[ACTIVITY] Would you retype, word for word, only the lines from the one holding "3M Safety Glasses, Virtua, 100/Pack, ANSI" through the final line of the entries below, without the pictures?

[DATASET CONTENT Boundary: Start]

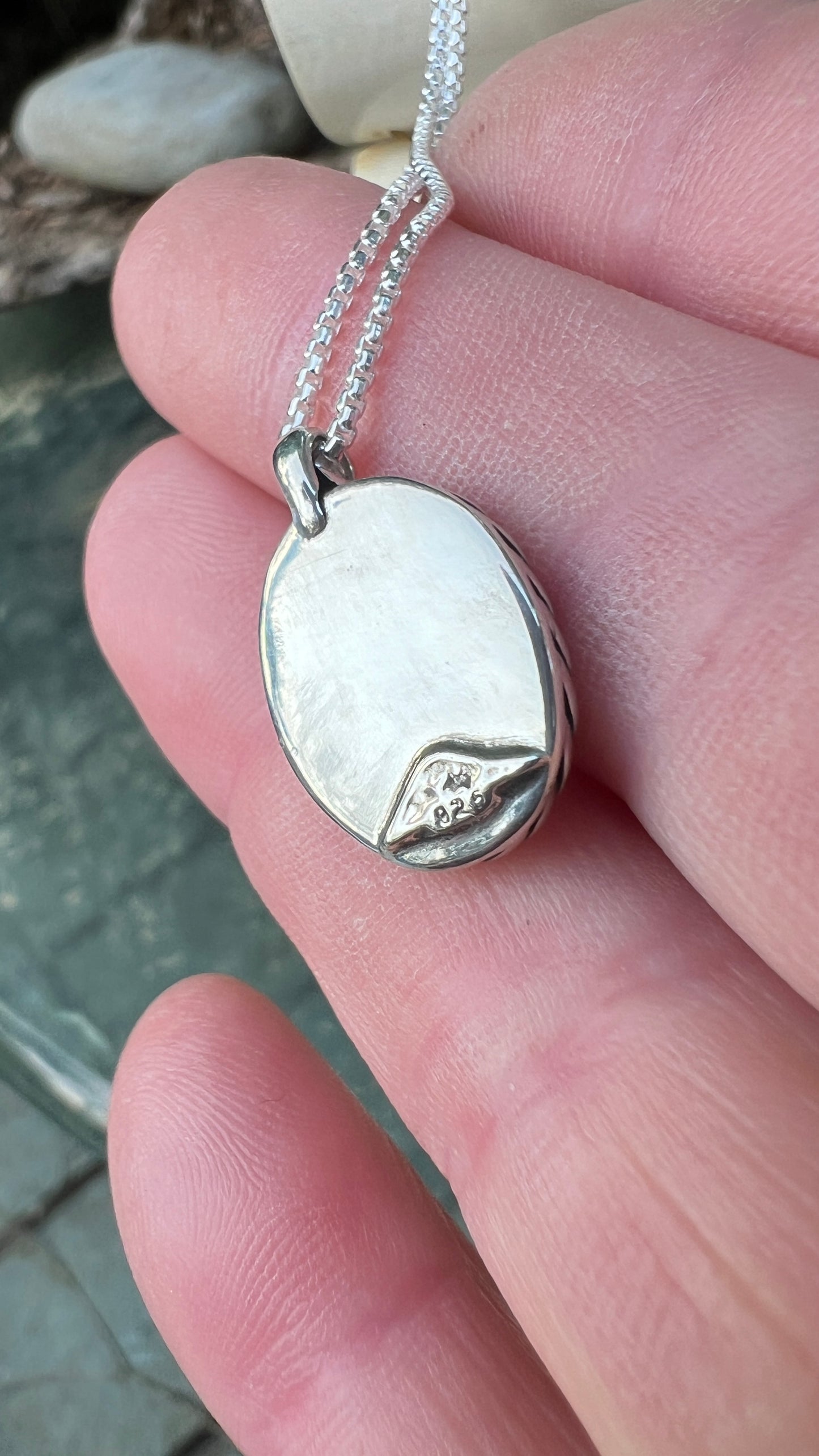 Authentic Scrimshaw Whale Bone Ship Necklace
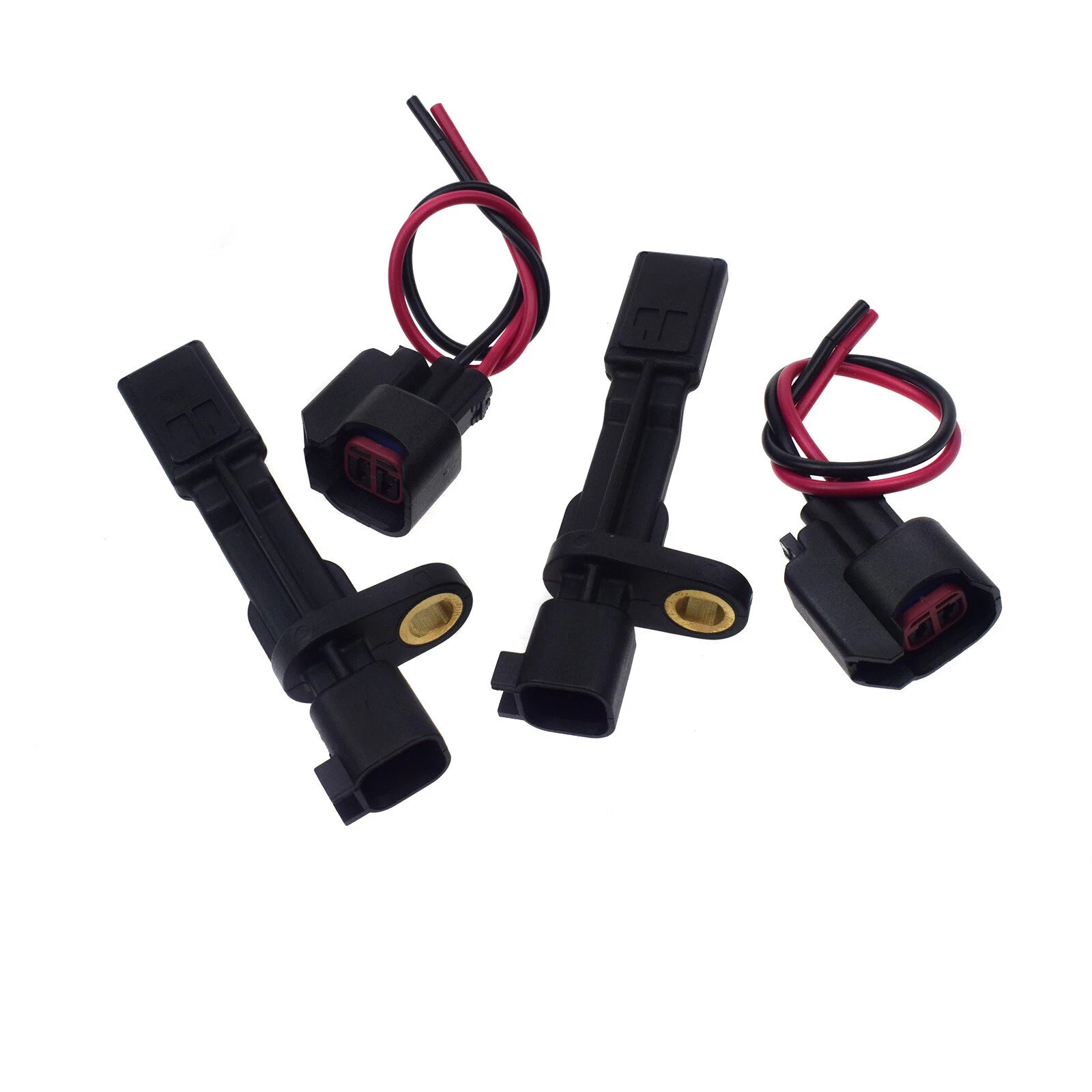 2 Rear ABS Sensor + Connector for Jeep Liberty Wrangler Dodge Nitro 52125003AB 6B93BC-57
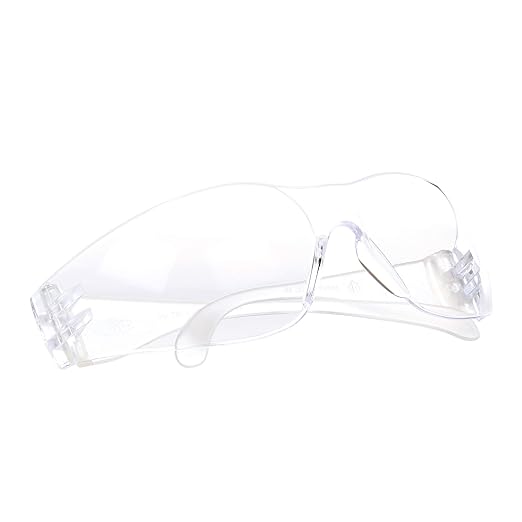 3M Safety Glasses, Virtua, 100/Pack, ANSI Z87, Unisex, Clear Hard Coat Lens, Clear Frame, Economical Eyewear Protection, Lightweight, Wraparound Coverage, UVA, UVB, UVC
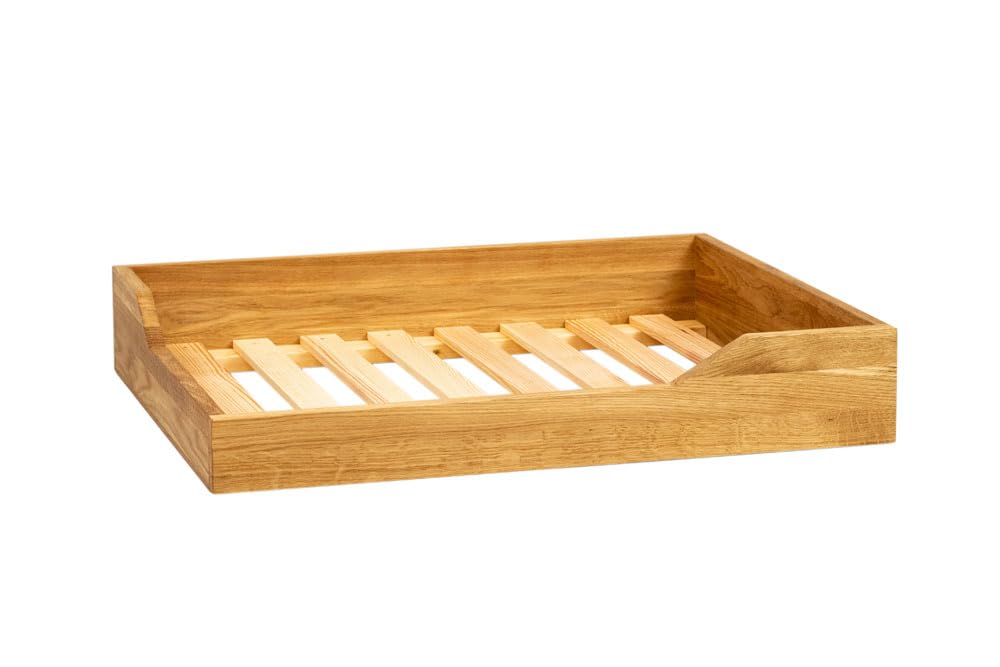 Drewniane legowisko dla małych i średnich psów, nadaje się do prania, materac, sofa dla psa, 76 x 61 cm, akcesoria dla psów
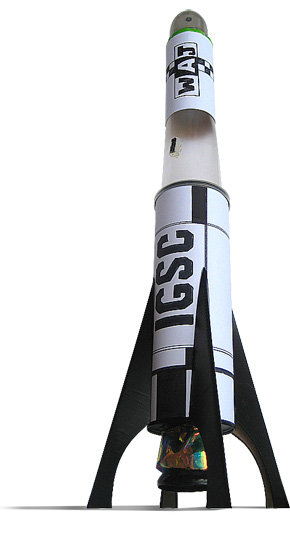 Pringles tube space rocket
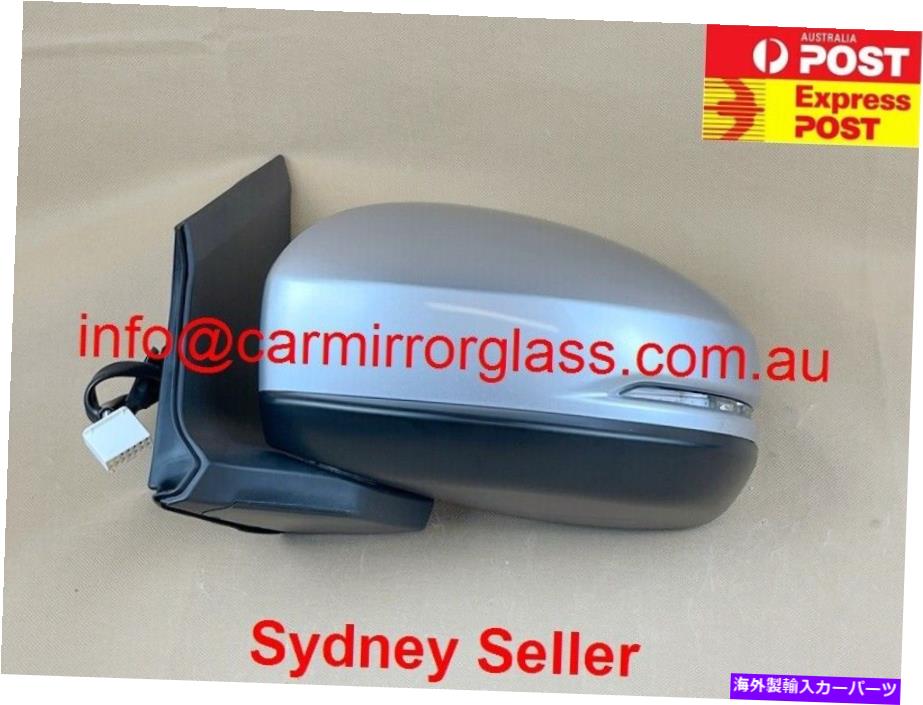 USミラー ホンダシティGMの新しいドアミラー4/2014以降（左側、ブリンカー、シルバー） NEW DOOR MIRROR FOR HONDA CITY GM 4/2014 ONWARD (Left SIDE, Blinker, Silver)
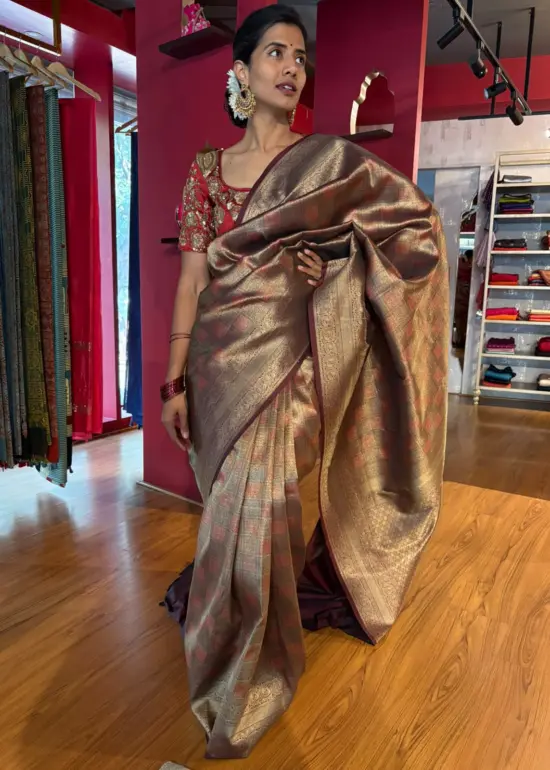 Arakku Banarasi Silk Saree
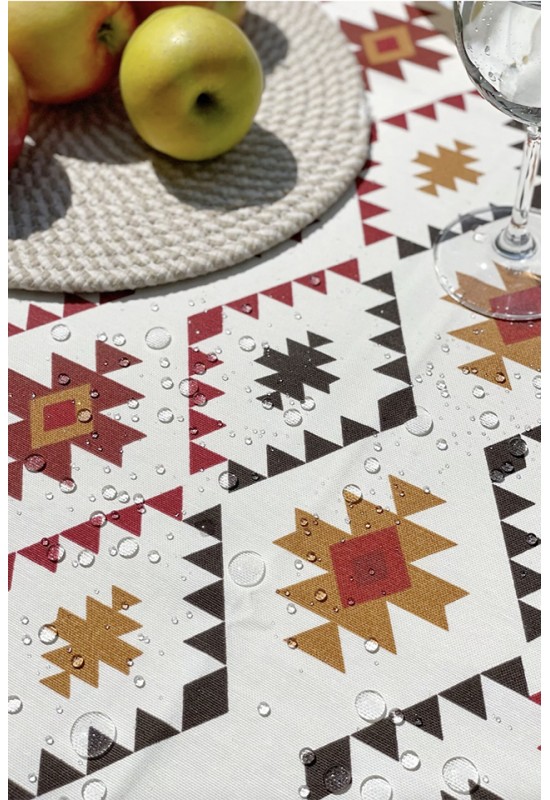 Waterproof Cotton Tablecloth | Tribal Aztec 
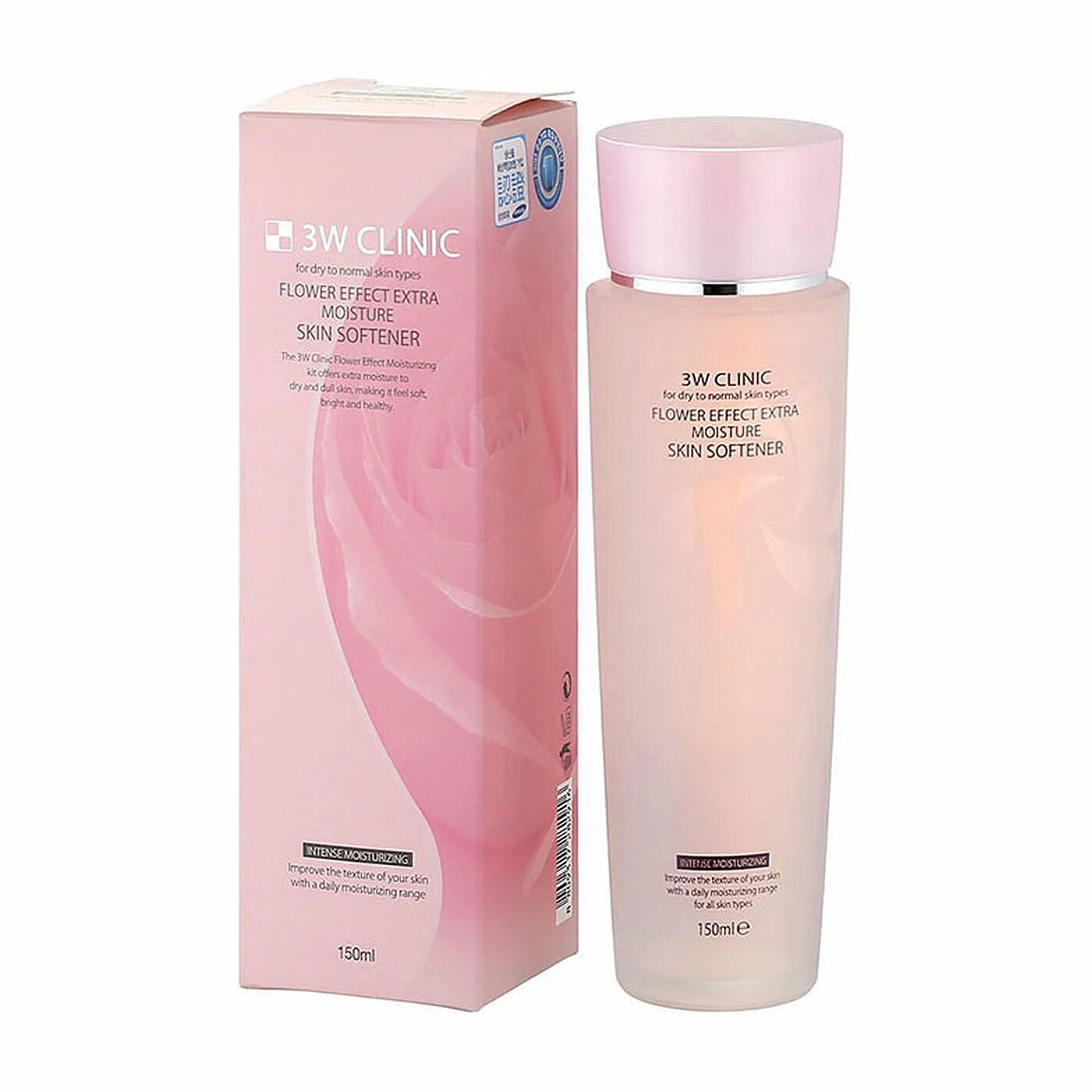 3w Clinic Flower Effect Extra Moisturizing Softener. [3w Clinic] увлажнение/эмульсия для лица Flower Effect Extra Moisture Emulsion, 150 мл. Тонер для лица Flower Effect Extra Moisture Skin Softener 3w Clinic]. 3w Clinic тоник для лица Flower Effect Extra Moisture Skin Softener, 150 мл.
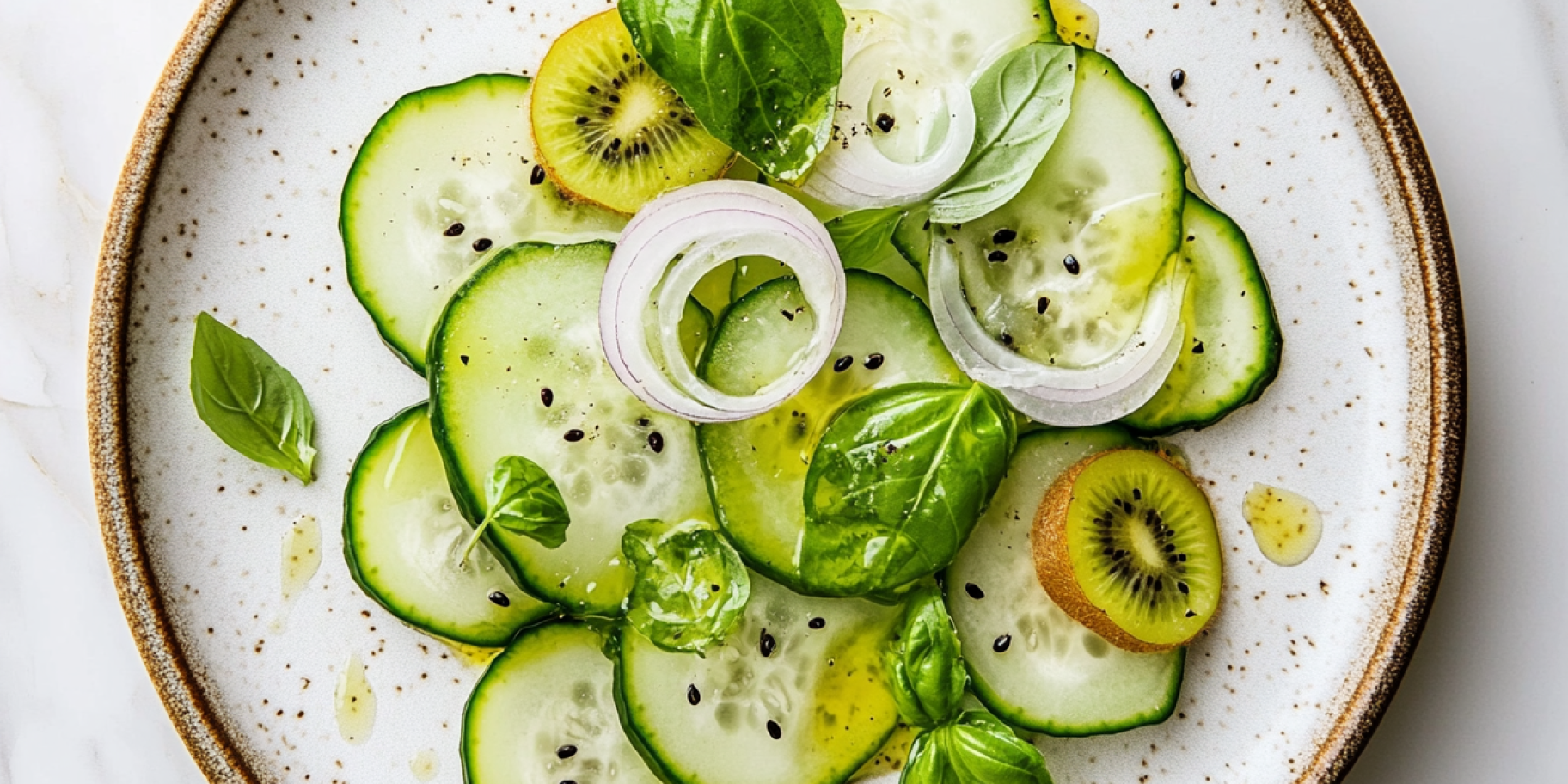 Карпачо з огірків і ківі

[DATASET CONTENT Boundary: End]

[YOUR RESPONSE]
 3M Safety Glasses, Virtua, 100/Pack, ANSI Z87, Unisex, Clear Hard Coat Lens, Clear Frame, Economical Eyewear Protection, Lightweight, Wraparound Coverage, UVA, UVB, UVC
 Drewniane legowisko dla małych i średnich psów, nadaje się do prania, materac, sofa dla psa, 76 x 61 cm, akcesoria dla psów
 Pringles tube space rocket
 USミラー ホンダシティGMの新しいドアミラー4/2014以降（左側、ブリンカー、シルバー） NEW DOOR MIRROR FOR HONDA CITY GM 4/2014 ONWARD (Left SIDE, Blinker, Silver)
 Arakku Banarasi Silk Saree
 Waterproof Cotton Tablecloth | Tribal Aztec 
 3w Clinic Flower Effect Extra Moisturizing Softener. [3w Clinic] увлажнение/эмульсия для лица Flower Effect Extra Moisture Emulsion, 150 мл. Тонер для лица Flower Effect Extra Moisture Skin Softener 3w Clinic]. 3w Clinic тоник для лица Flower Effect Extra Moisture Skin Softener, 150 мл.
 Карпачо з огірків і ківі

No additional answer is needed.